§ The problem
Go through the entries below and report how many lines contain the string "Pink". Nothing but the number is wanted.

Provided records below:

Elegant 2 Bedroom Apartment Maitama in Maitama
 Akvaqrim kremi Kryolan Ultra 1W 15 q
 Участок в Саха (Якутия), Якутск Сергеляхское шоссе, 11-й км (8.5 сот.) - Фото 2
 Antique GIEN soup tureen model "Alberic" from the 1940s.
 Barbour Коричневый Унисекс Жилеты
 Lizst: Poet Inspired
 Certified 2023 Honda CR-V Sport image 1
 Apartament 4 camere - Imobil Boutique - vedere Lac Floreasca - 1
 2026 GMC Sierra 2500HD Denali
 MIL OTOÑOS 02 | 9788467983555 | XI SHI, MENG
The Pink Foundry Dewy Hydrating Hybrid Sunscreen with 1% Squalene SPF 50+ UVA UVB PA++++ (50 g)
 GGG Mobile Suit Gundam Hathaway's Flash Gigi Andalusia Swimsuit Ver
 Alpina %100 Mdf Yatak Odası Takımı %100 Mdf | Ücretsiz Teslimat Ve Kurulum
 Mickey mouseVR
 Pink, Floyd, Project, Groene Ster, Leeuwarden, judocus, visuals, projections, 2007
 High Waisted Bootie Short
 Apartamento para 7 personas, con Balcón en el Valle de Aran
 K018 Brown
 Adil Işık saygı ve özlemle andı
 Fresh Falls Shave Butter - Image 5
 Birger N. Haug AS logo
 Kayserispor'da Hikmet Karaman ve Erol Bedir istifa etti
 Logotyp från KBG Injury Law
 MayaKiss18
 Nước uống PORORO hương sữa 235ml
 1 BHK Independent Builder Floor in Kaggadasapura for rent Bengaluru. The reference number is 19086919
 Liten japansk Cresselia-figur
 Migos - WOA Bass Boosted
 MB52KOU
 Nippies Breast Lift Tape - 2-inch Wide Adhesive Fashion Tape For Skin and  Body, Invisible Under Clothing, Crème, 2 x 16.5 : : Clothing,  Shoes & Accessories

End of Provided records.

§ Answer to this problem
2